Não se trata de uma leitura fácil. Não porque o texto seja difícil, mas porque ele se recusa a caminhar em linha reta. Ele serpenteia. Ele dá voltas. Ele te seduz com símbolos que talvez nem o próprio autor compreenda por completo (mas quem liga? Alan Moore também deve fingir que entende às vezes).

As palavras, aqui, não querem informar. Querem performar. E performam bem, às vezes como sacerdotisas de um templo antigo, às vezes como estudantes de humanas descobrindo o tarô no intervalo da aula de matemática. E está tudo bem. Porque esse é o jogo: você não lê o texto, você o invoca. Você o deixa te possuir um pouquinho.

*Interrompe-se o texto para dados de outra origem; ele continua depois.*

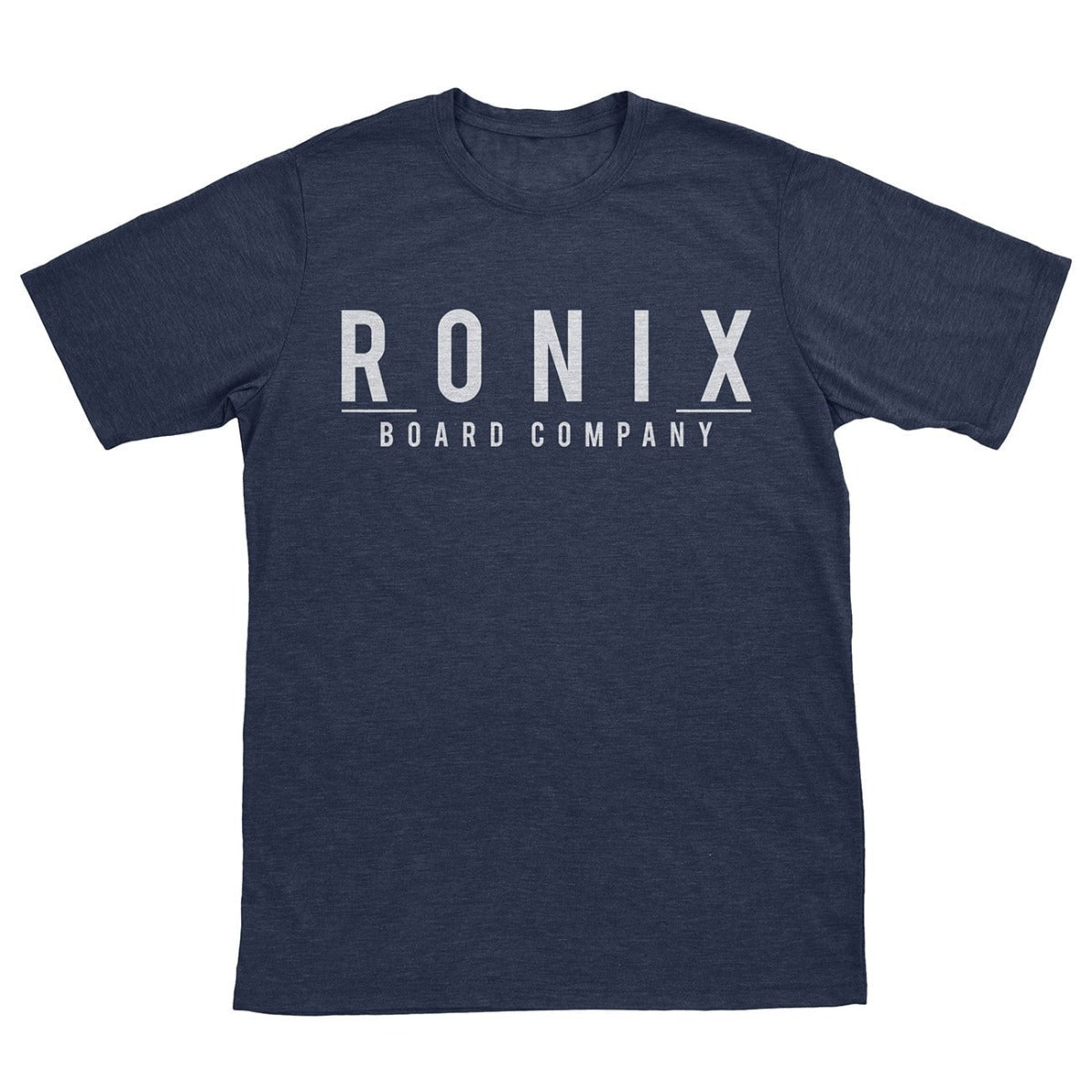 Ronix Megacorp Tee in Dark Blue Heather / White - BoardCo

Há referências ao misticismo, à magia sexual, à kaballah, aos arquétipos femininos... tudo isso com o fervor de quem abriu um grimório na hora errada da lua. Mas também há ironia, há leveza, há o frescor de quem sabe que a criatividade é, no fim das contas, o feitiço mais poderoso.

Sim, o texto se leva um pouco a sério demais às vezes. Vestir um manto, desenhar um círculo no chão e declarar: "Eu sou a imaginação viva!"... mesmo que o máximo de ritual mágico do dia tenha sido passar café com uma colher de açúcar mascavo.

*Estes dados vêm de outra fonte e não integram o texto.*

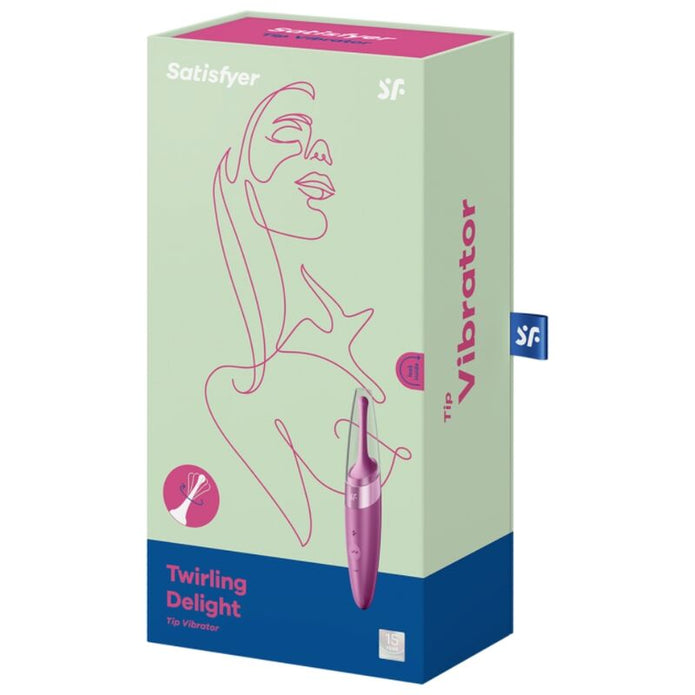 SATISFYER - TWIRLING DELIGHT KLITORISVIBRATOR LILA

Em resumo: a leitura é uma viagem lisérgica sem substância ilícita, onde o mapa é desenhado com lápis de cor e a bússola é o inconsciente coletivo. Uma homenagem respeitosa e ao mesmo tempo irreverente à diva gnóstica do Moore, essa Promethea que, mais do que uma personagem, é um convite: venha criar o mundo com palavras.

E foi isso que o autor fez. Com certos exageros, brilhos e tropeços. Como todo bom mago iniciante.

quinta-feira, 3 de julho de 2025

a luz

 

A Centelha Original


CARLOS GUILHERME OLIVEIRA DE AMORIM


No alvorecer dos tempos, quando a terra ainda tecia seus primeiros sons, emergiu um ser diferente. Não apenas adaptável, mas capaz de moldar o mundo à sua vontade. Entre instintos e reações, pulsava uma força singular: o dom da criatividade. Não um privilégio, mas uma potencialidade inerente, tecida na própria essência de sua humanidade.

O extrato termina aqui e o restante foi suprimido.